Amoashtart was a queen of Sidon in the period (). When ca. 539 her husband and brother, king Tabnit, died, she had an infant son, Eshmunazar II, or, more probably, was pregnant of him. The next fourteen years she was co-regent with her young son, until the boy died, "in his fourteenth year", ca. 525. She then was succeeded by her nephew Bodashtart, possibly in a palace coup. Modern historians have characterized her as an "energetic, responsible [woman], and endowed with immense political acumen, [who] exercised royal functions for many years".

The only source for her biography is the sarcophagus of her son Eshmunazar II.

Etymology 
Amoashtart is the Latinized form of the Phoenician theophoric name 𐤀𐤌𐤏𐤔𐤕𐤓𐤕 meaning "my mother is Astarte".Variable spellings include: Em-Astarte, Amo-Astarte,’Am‘aštart, and Immi-Ashtart.

Biography
Amoashtart became queen ca. 550 BCE as the wife of king Tabnit. This was a period when the economy of Sidon thrived, possibly after the competing city of Tyre had been hit severely by an earthquake (c. 550). Sidon was "reborn as an independent kingdom" and became "the leading Phoenician polity". The economic boom made possible an extensive building program of new city districts and grandiose temples for Ashtart, Baal, and Eshmun, as is testified in the inscriptions of both Eshmunazar II and Bodashtart. Because of the age of her boy son, these activities will in practice have been the initiative of the mother. A sign of the preeminent role of Sidon in Phoenicia is that the Persian kings (the "Lord of Kings") endowed Sidon with the rule over the two southern Palestinian cities of Dor and Jaffa, and the "land of Dagon", possibly as a means to strengthen Sidonian loyalty to the Achaemenid rule.

As the Eshmunazar II sarcophagus tells us, Amoastart was also a high priestess of Astarte.
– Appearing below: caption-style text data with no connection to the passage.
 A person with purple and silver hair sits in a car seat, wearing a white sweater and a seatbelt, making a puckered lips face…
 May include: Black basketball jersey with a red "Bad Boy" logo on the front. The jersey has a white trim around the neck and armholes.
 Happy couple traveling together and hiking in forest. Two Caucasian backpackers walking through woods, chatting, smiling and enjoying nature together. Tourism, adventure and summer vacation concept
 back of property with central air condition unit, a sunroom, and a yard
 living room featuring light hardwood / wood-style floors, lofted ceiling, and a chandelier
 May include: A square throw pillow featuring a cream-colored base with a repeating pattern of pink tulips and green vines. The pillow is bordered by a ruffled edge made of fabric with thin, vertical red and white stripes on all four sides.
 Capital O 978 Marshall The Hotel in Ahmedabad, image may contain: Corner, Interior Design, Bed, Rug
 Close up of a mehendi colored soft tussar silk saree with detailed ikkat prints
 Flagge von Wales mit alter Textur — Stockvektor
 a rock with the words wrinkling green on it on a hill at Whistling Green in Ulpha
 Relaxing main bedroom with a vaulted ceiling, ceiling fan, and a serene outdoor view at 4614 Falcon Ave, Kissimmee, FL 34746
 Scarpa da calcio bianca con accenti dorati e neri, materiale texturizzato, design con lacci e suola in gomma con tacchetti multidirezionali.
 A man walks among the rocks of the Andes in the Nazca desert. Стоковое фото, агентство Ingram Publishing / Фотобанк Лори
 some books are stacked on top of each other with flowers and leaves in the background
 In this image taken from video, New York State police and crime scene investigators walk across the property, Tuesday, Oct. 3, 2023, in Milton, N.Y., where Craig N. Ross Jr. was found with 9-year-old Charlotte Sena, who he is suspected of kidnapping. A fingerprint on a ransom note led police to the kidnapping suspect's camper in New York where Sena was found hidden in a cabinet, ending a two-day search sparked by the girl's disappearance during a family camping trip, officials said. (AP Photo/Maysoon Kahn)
This traditionally was the main task of Sidonian kings.

Amoashtart's successor, her nephew Bodashtart, in his inscriptions makes no mention of her. However, the way in which he expressly emphasizes that he is a "just successor", is somewhat suspicious. It suggests that the old lady, 25 years a queen, may not have voluntarily given up power after the death of her son. 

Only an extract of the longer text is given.